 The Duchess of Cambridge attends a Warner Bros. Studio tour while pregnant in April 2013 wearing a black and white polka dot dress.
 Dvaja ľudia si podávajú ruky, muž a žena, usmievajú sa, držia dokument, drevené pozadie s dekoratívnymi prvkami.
==
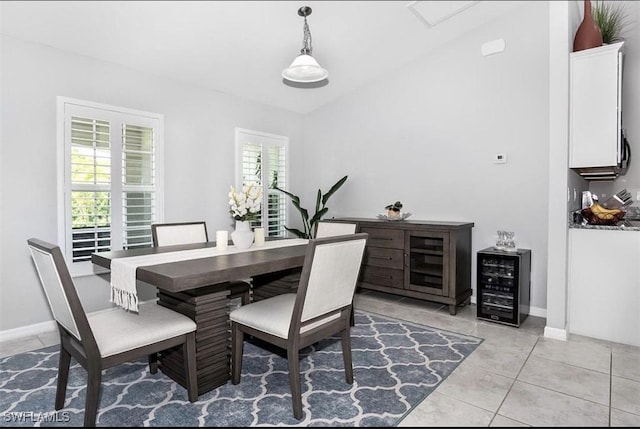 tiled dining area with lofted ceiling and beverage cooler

_DIRECTIONS FOR THIS TASK_
Among the lines above, repeat exactly those from the line with "The Duchess of" to the line with "Dvaja ľudia si", counting both ends.

_ANSWER SPACE_
 The Duchess of Cambridge attends a Warner Bros. Studio tour while pregnant in April 2013 wearing a black and white polka dot dress.
 Dvaja ľudia si podávajú ruky, muž a žena, usmievajú sa, držia dokument, drevené pozadie s dekoratívnymi prvkami.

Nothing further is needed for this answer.